:: Exercise details ::
Could you repeat every line below exactly, skipping the images?

━━ Data extract ━━

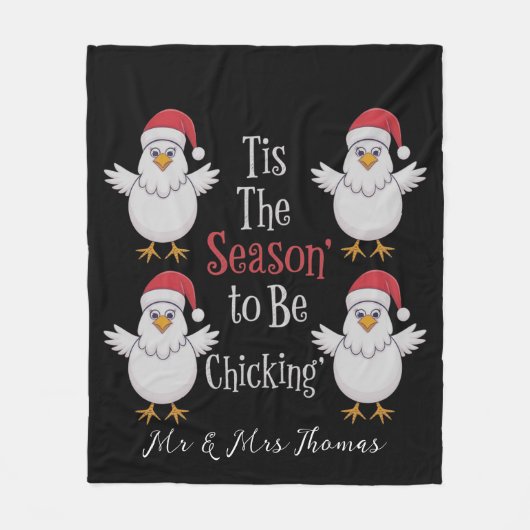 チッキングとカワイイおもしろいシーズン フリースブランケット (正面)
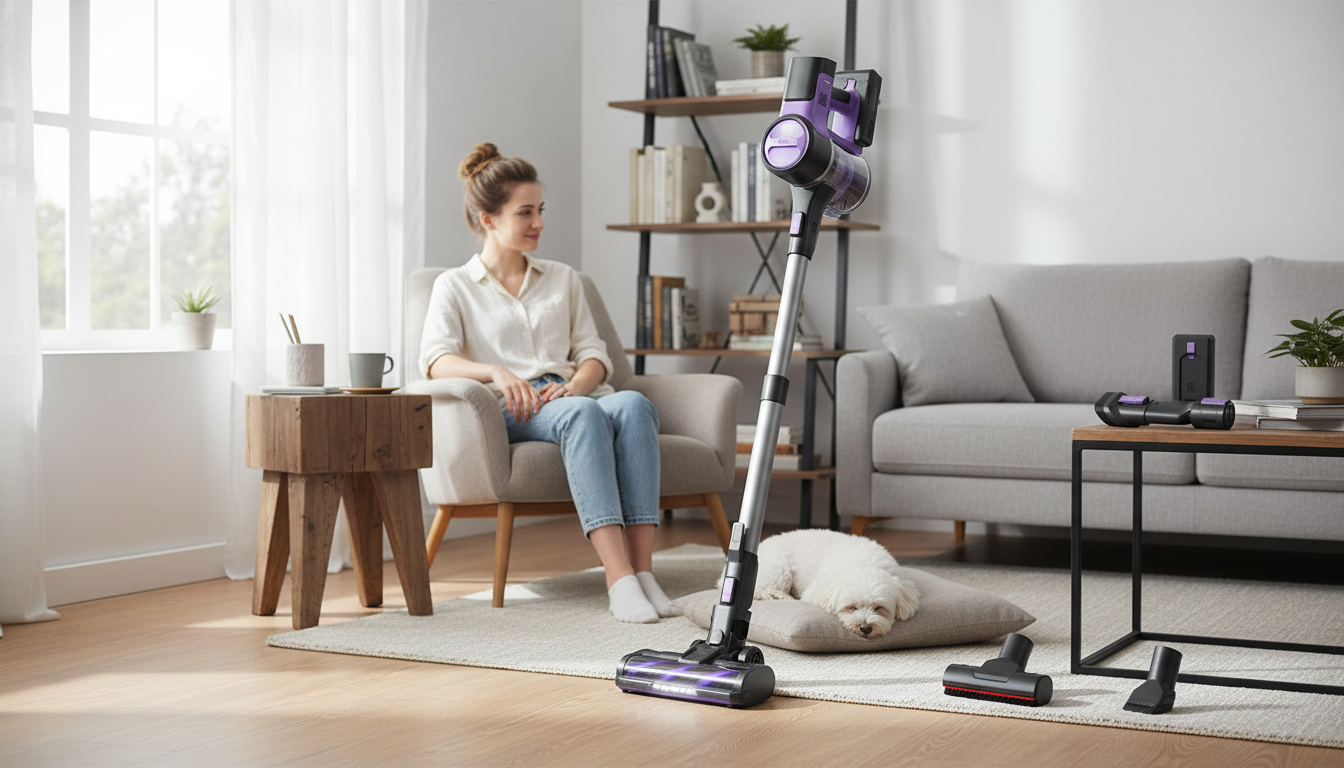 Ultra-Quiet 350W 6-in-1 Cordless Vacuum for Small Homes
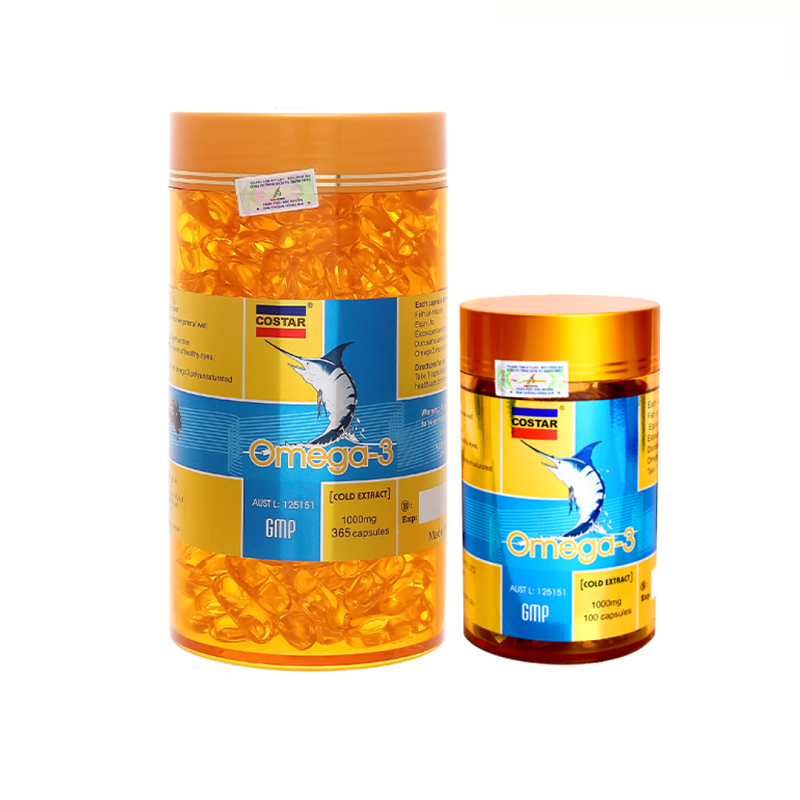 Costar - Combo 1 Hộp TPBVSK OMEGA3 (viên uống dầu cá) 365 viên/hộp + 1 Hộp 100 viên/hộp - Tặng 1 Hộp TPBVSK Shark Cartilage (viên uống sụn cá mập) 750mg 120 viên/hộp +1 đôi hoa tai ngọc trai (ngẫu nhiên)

━━━

:: Expected answer ::
 チッキングとカワイイおもしろいシーズン フリースブランケット (正面)
 Ultra-Quiet 350W 6-in-1 Cordless Vacuum for Small Homes
 Costar - Combo 1 Hộp TPBVSK OMEGA3 (viên uống dầu cá) 365 viên/hộp + 1 Hộp 100 viên/hộp - Tặng 1 Hộp TPBVSK Shark Cartilage (viên uống sụn cá mập) 750mg 120 viên/hộp +1 đôi hoa tai ngọc trai (ngẫu nhiên)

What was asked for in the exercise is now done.